Background: Radiotherapy peer review is recognized as a key component of institutional quality assurance, though the impact is ill-defined. We conducted the first systematic review and meta-analysis to date to quantify the impact of institutional peer review on the treatment planning workflow including radiotherapy contours, prescription and dosimetry.

Methods: We searched several medical and healthcare databases from January 1, 2000, to May 25, 2024, for papers that report on the impact of institutional radiotherapy peer review on treatment plans.

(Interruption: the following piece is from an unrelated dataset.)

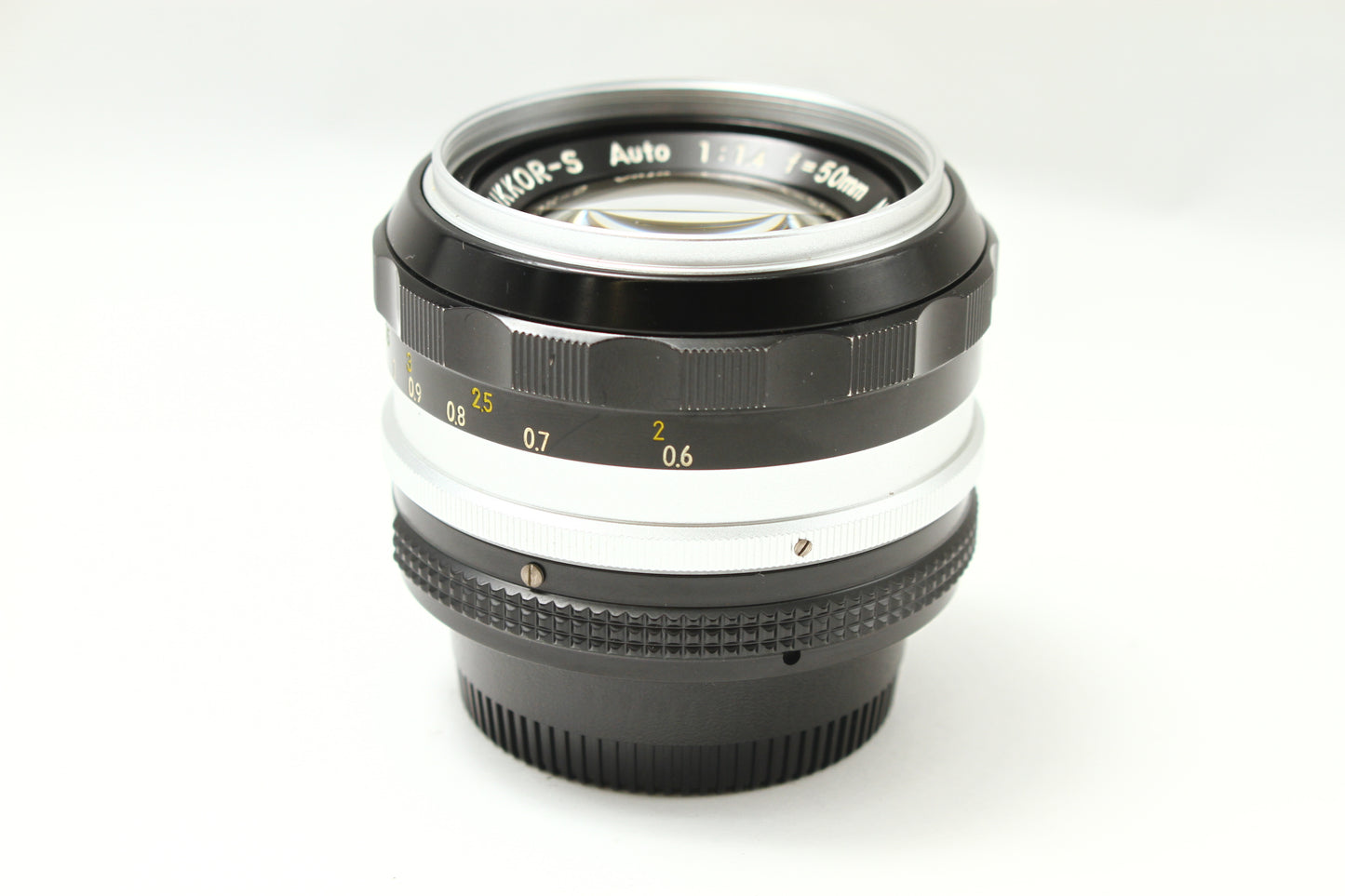 S AUTO 50/1.4 (Ai改)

We conducted random-effects meta-analyses of proportions to summarize the rates of any change recommendation and major change recommendation (suggesting re-planning or re-simulation due to safety concerns) following peer review processes. To explore differences in change recommendations dependent on location, radiotherapy intent, technique, and peer review structure characteristics, we conducted analyses of variance.

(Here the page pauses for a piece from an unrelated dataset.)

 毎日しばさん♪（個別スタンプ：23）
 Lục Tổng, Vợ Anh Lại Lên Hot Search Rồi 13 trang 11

Results: Of 9,487 citations, we identified 55 studies that report on 96,444 case audits in 10 countries across various disease sites. The pooled proportion of any change recommendation was 28 % (95 %CI = 21-35) and major change recommendation was 12 % (95 %CI = 7-18). Proportions of change recommendation were not impacted by any treatment characteristics. The most common reasons for change recommendation include target volume delineation (25/55; 45 %), target dose prescription (18/55; 33 %), organ at risk dose prescription (5/55; 9 %), and organ at risk volume delineation (3/55; 5 %).

Conclusions: Our review provides evidence that peer review results in treatment plan change recommendations in over one in four patients. The results suggest that some form of real-time, early peer review may be beneficial for all cases, irrespective of treatment intent or RT technique.

关于放射肿瘤学机构同行评审影响的系统回顾和荟萃分析。
背景:放疗同行评审被认为是机构质量保证的关键组成部分,但其影响尚不明确。我们进行了迄今为止的首次系统回顾和荟萃分析,以量化机构同行评审对治疗计划工作流程(包括放疗轮廓、处方和剂量测定)的影响:我们检索了 2000 年 1 月 1 日至 2024 年 5 月 25 日期间的多个医疗和保健数据库,以查找报告机构放射治疗同行评审对治疗计划影响的论文。我们对比例进行了随机效应荟萃分析,总结了同行评审过程中任何变更建议和重大变更建议(建议因安全问题重新规划或重新模拟)的发生率。为了探究不同地点、放疗目的、技术和同行评议结构特征在变更建议方面的差异,我们进行了方差分析:在9,487条引文中,我们确定了55项研究,这些研究报告了10个国家不同疾病部位的96,444个病例审核结果。任何变更建议的汇总比例为 28%(95 %CI = 21-35),重大变更建议的汇总比例为 12%(95 %CI = 7-18)。建议更改的比例不受任何治疗特征的影响。建议更改的最常见原因包括目标容积划定(25/55;45%)、目标剂量处方(18/55;33%)、风险器官剂量处方(5/55;9%)和风险器官容积划定(3/55;5%):我们的审查提供的证据表明,同行评审导致每四名患者中就有一名以上的患者被建议更改治疗方案。结果表明,无论治疗目的或 RT 技术如何,某种形式的实时、早期同行评审可能对所有病例都有益。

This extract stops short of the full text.